Room: Exhibit Hall
Purpose: Two important methods, multi-leaf collimators (MLC) and solid compensators, are used to do intensity modulated radiation therapy (IMRT) to produce an optimized primary fluence profile at the specific position of a patient through the middle of the tumor. A Monte Carlo (MC) study for characterization of solid brass compensators used for IMRT and comparison of two beam modulation approaches are performed to investigate their dosimetric properties.
Methods: We studied the beam perturbations caused by the presence of a solid brass compensator in radiation therapy field with Monte Carlo EGSnrc codes (BEAMnrc and DOSXYZnrc). A Varian 23iX linear accelerator was commissioned prior to the simulation of the compensators. The accelerator setup includes an electron source, a target slab, a primary tungsten conical shaped collimator, a Varian flatten filter, ion chamber, movable jaws, and a brass compensator. The simulation included five solid slab brass compensators and three clinical purposed brass compensators with various thicknesses and shapes. Phase-space files were scored before and after the compensators with MC codes BEAMnrc.
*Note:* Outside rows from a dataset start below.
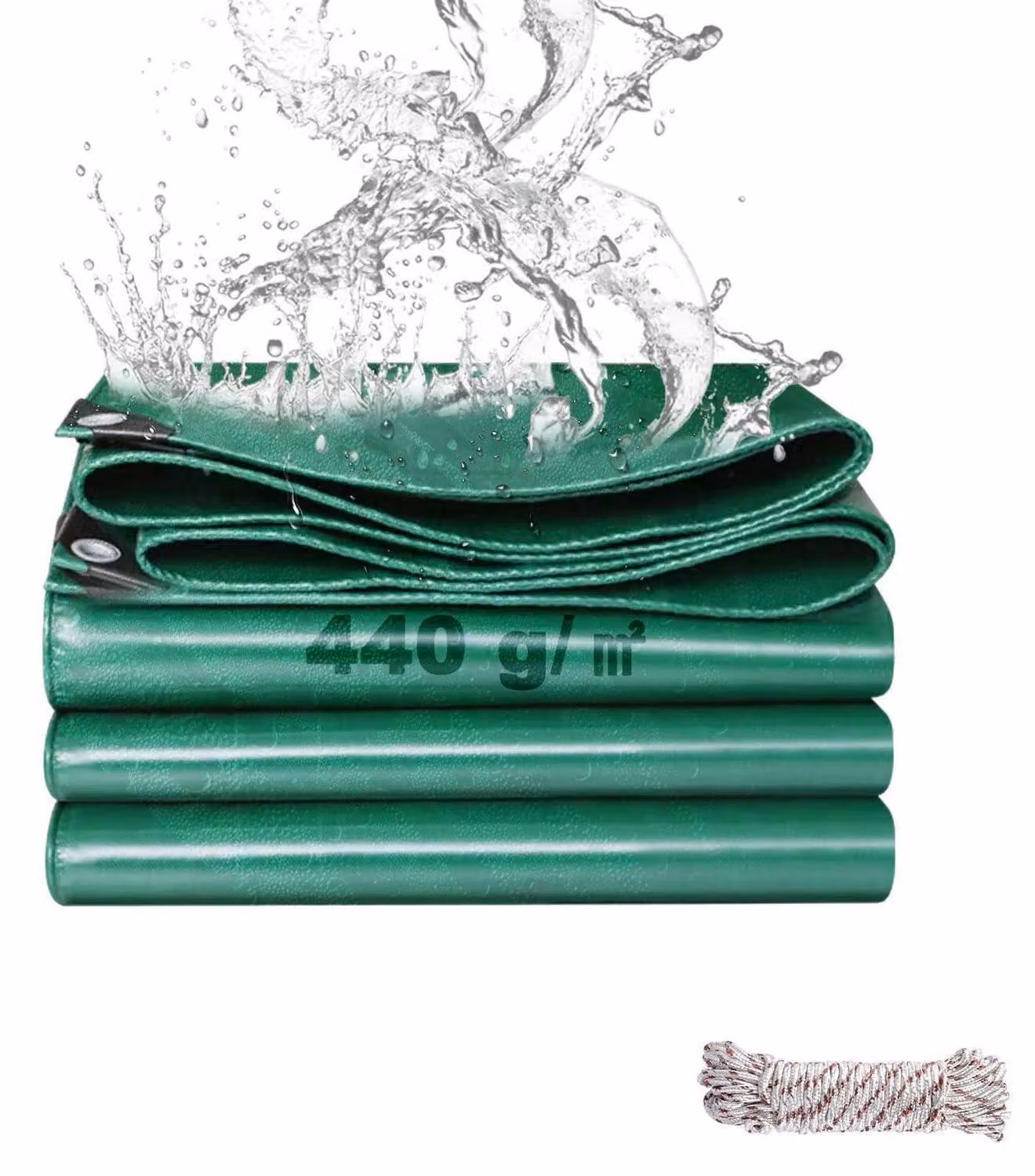 Telo copri carico per camion, 440 g/m², impermeabile, con occhielli, 3x4 metri, PVC verde, resistente allo strappo, protezione UV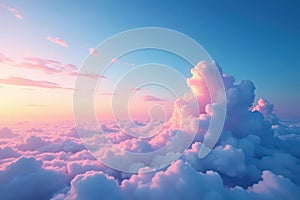 Subtle gradient sky, cloudscape seamless repeat, aerial, clouds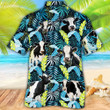 Holstein Friesian Cattle Lovers Jungle Leaves Hawaiian Shirt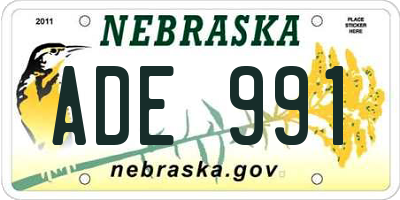 NE license plate ADE991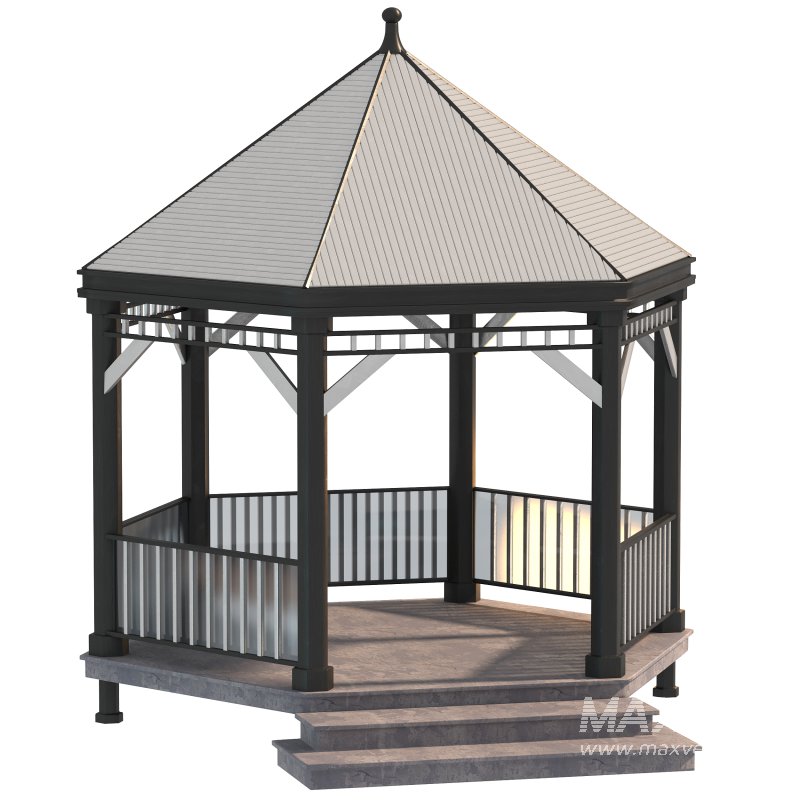 Modern Glass & Steel Gazebo - Image 3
The phase space files were then used as sources in DOSXYZnrc and dose was calculated in a solid 30x30x20cm3 water phantom at 100cm SSD for 6MV.
Results: Dosimetric data analysis of the PDDs and profiles showed that beam hardening does not have a significant effect on the PDD as it does on the energy spectrum. The PDDs are more penetrating than their open-field counterparts. Comparing results from MLC-based IMRT fields and compensators, we find them to be consistently dosimetrically equivalent for all the fields we studied.
Conclusion: MLC and compensators are consistently dosimetrically equivalent for all the fields we had studied. It shows that compensator is an inexpensive and reliable dose delivery device for IMRT and produces an optimized dose profile similar to the one obtained with MLC based IMRT delivery.